# Logistic regression in pytorch
## What's in this tutorial?
This notebook will walk you through the most basic use of `mandala` for storing
and tracking ML experiment results. It uses logistic regression on MNIST as a
"minimally interesting" example. By following this mini-project, you will learn
how to
- break up an experiment into Python functions whose calls can be tracked and
queried;
- use memoization to avoid re-running expensive computations and to
naturally interact with and grow your project (by adjusting the parameters and
adding new code);
- get a powerful query interface to your results "for free" by repurposing the
  pure Python code of your experiments.

The overall goal that `mandala` enables is to let you write only the
plain-Python code you'd write if you were just running experiments in-memory -
yet get the benefits of a database-backed experiment tracking system that knows
not to recompute already computed quantities, and is aware of the relationships
between these quantities and the parameters that went into them.

## Project description
As the example project, you will use logistic regression to classify MNIST
digits. On a high level, you'll do the following:
- load the train and test sets;
- define the model, loss function, and optimizer;
- explore the space of hyperparameters (learning rate, batch size, ...) to 
find a good combination;
- iterate on this pipeline until you're satisfied with the results.

## Import libraries

In [1]:
import torch
import torchvision as tv
from torchvision.datasets import MNIST
from torch.utils.data import DataLoader, Subset
import torch.utils as utils

# recommended way to import mandala functionality
from mandala_lite.all import *

## Define supporting functions
For the purposes of this tutorial, you'll break the project into two main
functions:
- `get_dataloaders` returns `DataLoader`s for the train and test sets with a
given batch size;
- `train_model` is passed these `DataLoader`s, trains a model on the train set
with given hyperparameters, and returns the accuracy on the test set.

This kind of decomposition of the problem is a good practice in ML in general,
but also when using `mandala` in particular. It allows you to re-use the same
intermediate results in different experiments. For example, you might want to
try different models on the same data, or different data on the same model. With
this decomposition, you can just call `get_dataloaders` once, and then call 
`train_model` with different models and hyperparameters.

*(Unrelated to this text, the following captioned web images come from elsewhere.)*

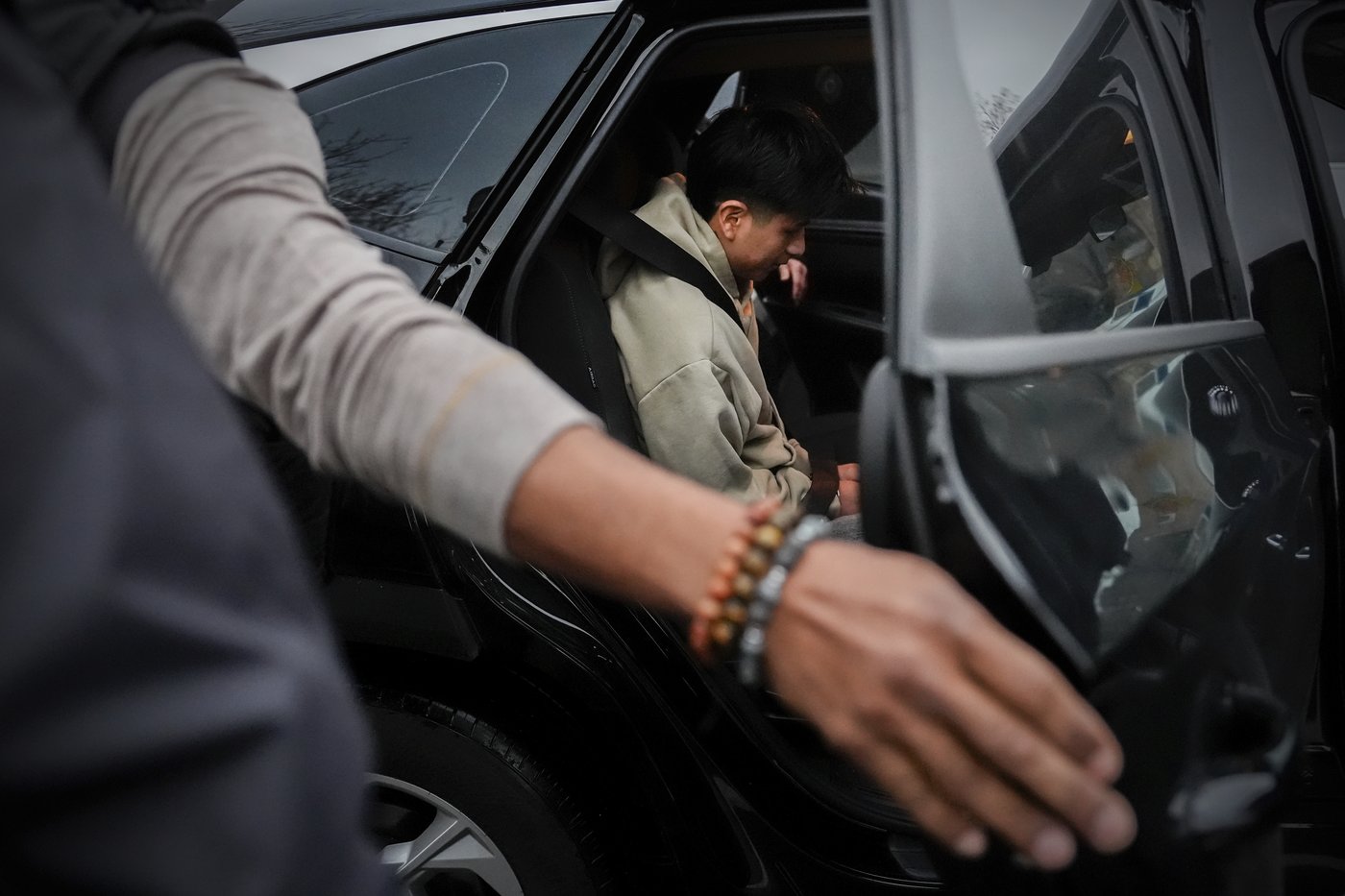 Trump wants mass deportations. For the agents removing immigrants, it's a painstaking process | iNFOnews.ca Trump wants mass deportations. For the agents removing immigrants, it's a painstaking process | iNFOnews.ca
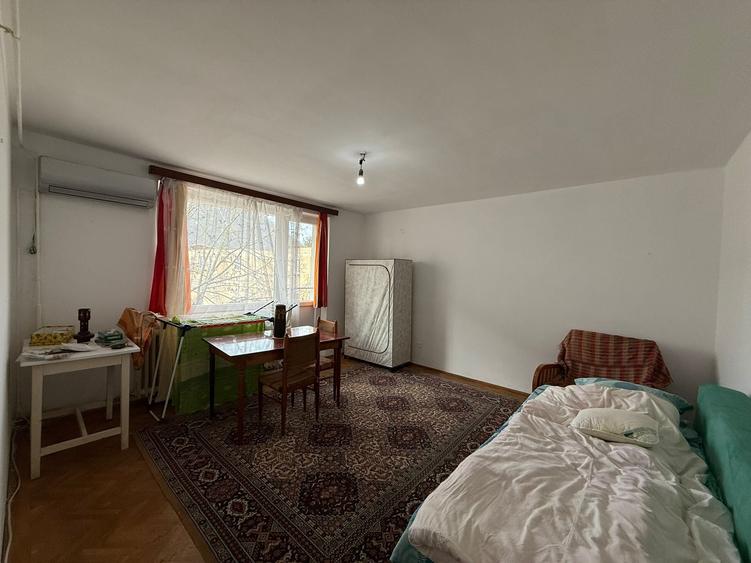 Apartament cu 3 camere decomandat în Progresul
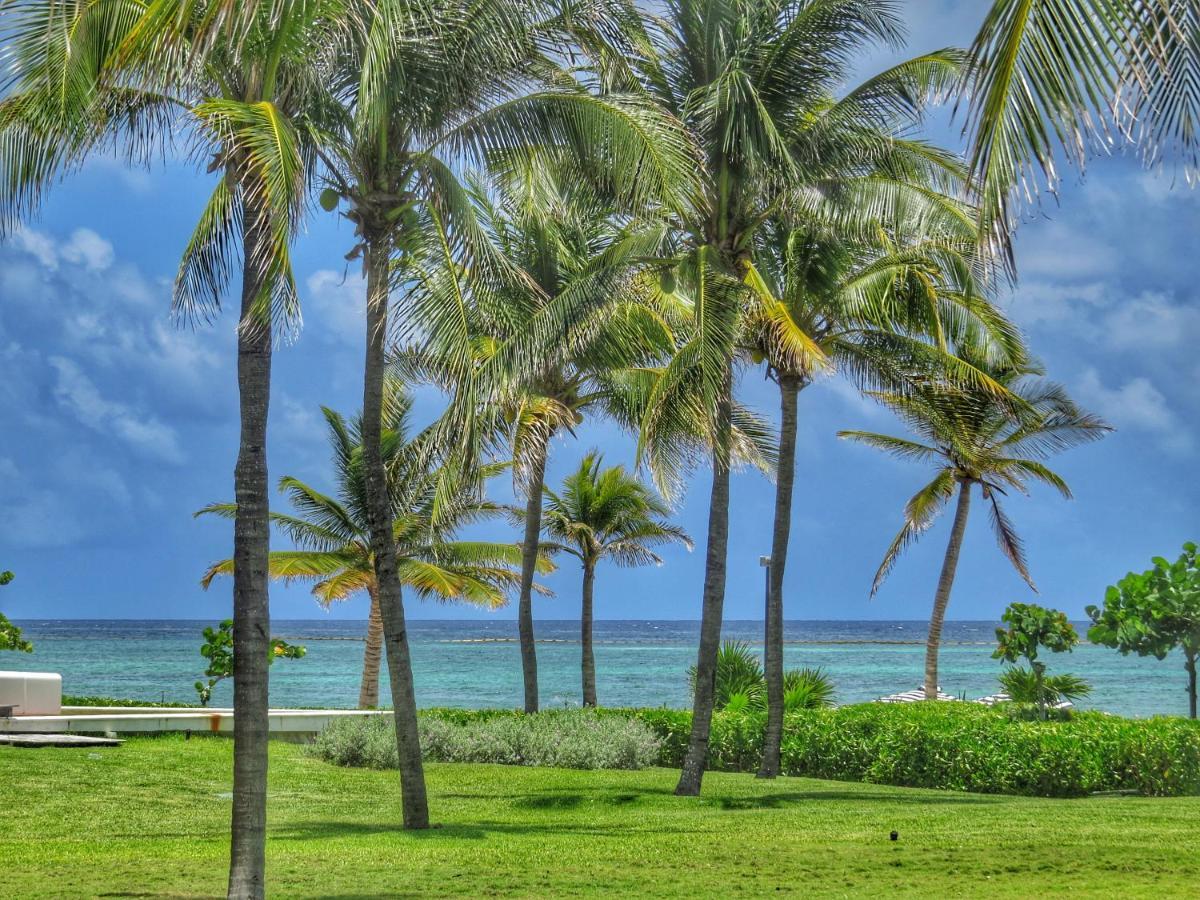 Apartamento Impecable Y Lujoso Departamento Frente Al Mar En Mareazul Del Club De Golf Corasol *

Below are definitions of these functions in fairly standard `pytorch` code. Note
the use of `@op` to mark the functions as tracked by `mandala` - more on this
in a moment:

### Load the data

In [9]:
# MNIST constants
INPUT_SIZE = 28**2
NUM_CLASSES = 10


@op
def get_dataloaders(batch_size: int = 100) -> Tuple[DataLoader, DataLoader]:
    # get train and test loaders for the MNIST dataset
    train_data = Subset(
        MNIST("data", train=True, download=True, transform=tv.transforms.ToTensor()),
        indices=range(2_000),
    )
    test_data = MNIST("data", train=False, transform=tv.transforms.ToTensor())
    train_loader = DataLoader(train_data, batch_size=batch_size, shuffle=True)
    test_loader = DataLoader(test_data, batch_size=batch_size, shuffle=False)
    return train_loader, test_loader

### Train the model

In [10]:
class LogisticRegression(torch.nn.Module):
    """
    A single `pytorch` linear layer
    """

    def __init__(self):
        super().__init__()
        self.linear = torch.nn.Linear(INPUT_SIZE, NUM_CLASSES)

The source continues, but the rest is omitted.